◆ **Assignment**: Exclude images, then output the remaining data verbatim.

◆ **Data shown**:
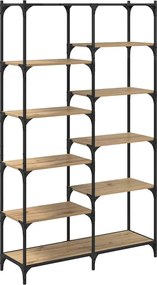 vidaXL Könyvespolc kézműves tölgy 100 x 32 x 170 cm Faanyag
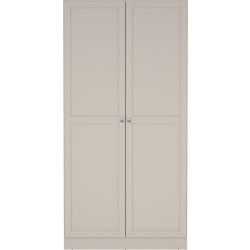 Coreline garderobeskab 2 døre, gråbeige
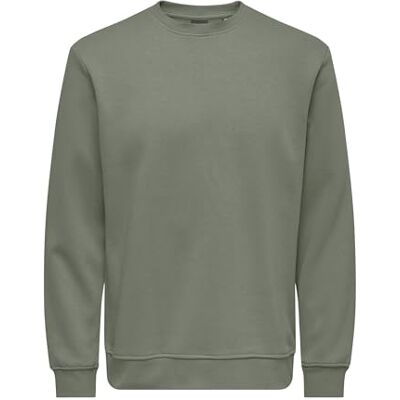 Only & Sons Hoodie ONSCONNOR Sweatshirts Corte regular fit, Manga larga, Basic, Proceso suave a una temperatura máxima de 40°C Only & Sons Hoodie ONSCONNOR Sweatshirts Corte regular fit, Manga larga, Basic, Proceso suave a una temperatura máxima de 40°C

◆ **Output for this exercise**:
 vidaXL Könyvespolc kézműves tölgy 100 x 32 x 170 cm Faanyag
 Coreline garderobeskab 2 døre, gråbeige
 Only & Sons Hoodie ONSCONNOR Sweatshirts Corte regular fit, Manga larga, Basic, Proceso suave a una temperatura máxima de 40°C Only & Sons Hoodie ONSCONNOR Sweatshirts Corte regular fit, Manga larga, Basic, Proceso suave a una temperatura máxima de 40°C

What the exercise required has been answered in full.